### Work item
Without the pictures, give the listing below again exactly.
Given material section start
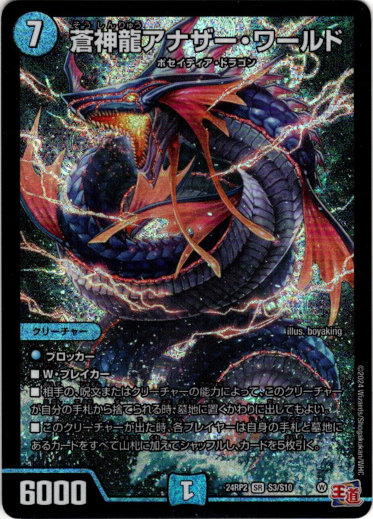 画像1: 蒼神龍アナザー・ワールド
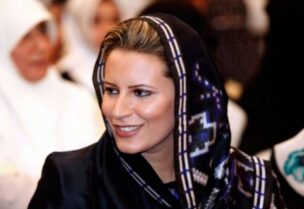 صفية فركش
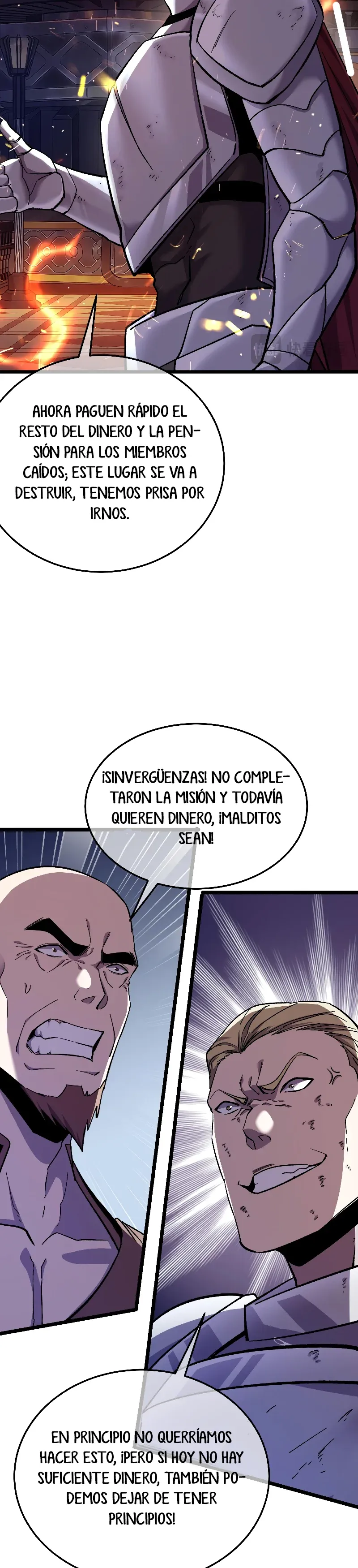 Mis Habilidades Pasivas son Invencibles Capitulo 156 página 21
Given material section end
### Reply
 画像1: 蒼神龍アナザー・ワールド
 صفية فركش
 Mis Habilidades Pasivas son Invencibles Capitulo 156 página 21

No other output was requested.